The Indian electoral marathon begins: queues, dalits rejected at the polling stations, appeals from the Church
The polls will remain open from 7am to 6pm. The final results will be announced on May 23rd. There are long queues and malfunctions of the electronic voting system. The Telegu Federation of Churches invites to vote for candidates who work in favor of adivasis, tribals and Dalits.
New Delhi (AsiaNews / Agencies) - The first phase of the long Indian electoral marathon, which will last for 39 days until 19 May, began at 7 am (local time). The numbers are impressive: with around 900 million voters, thousands of seats across the country, 10,000 candidates representing over 500 parties vying for the 543 seats in the Lok Sabha, this is the largest election in history.

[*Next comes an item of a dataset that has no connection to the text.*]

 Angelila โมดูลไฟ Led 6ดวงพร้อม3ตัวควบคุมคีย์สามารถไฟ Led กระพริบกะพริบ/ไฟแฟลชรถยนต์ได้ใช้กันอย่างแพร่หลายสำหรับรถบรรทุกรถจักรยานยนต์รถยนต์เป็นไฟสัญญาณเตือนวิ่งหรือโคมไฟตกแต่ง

In general, the polling stations will remain open until 6 pm today, with some exceptions at a local level. The final results will be announced on May 23rd. The winner will be the party or coalition that obtains 272 seats. At the moment voting is underway in various states: Andhra Pradesh, Arunachal Pradesh, Assam, Bihar, Chhattisgarh, Jammu and Kashmir, Maharashtra, Manipur, Meghalaya, Mizoram, Nagaland, Odisha, Sikkim, Telangana, Tripura, Uttar Pradesh. Uttarakhand, West Bengal, the islands of Andaman and Nicobar and Lakshadweep. The vote is so complicated and some circumscriptions are so populous that different states will go to the polls on several dates, such as Uttar Pradesh, which alone has 204 million inhabitants.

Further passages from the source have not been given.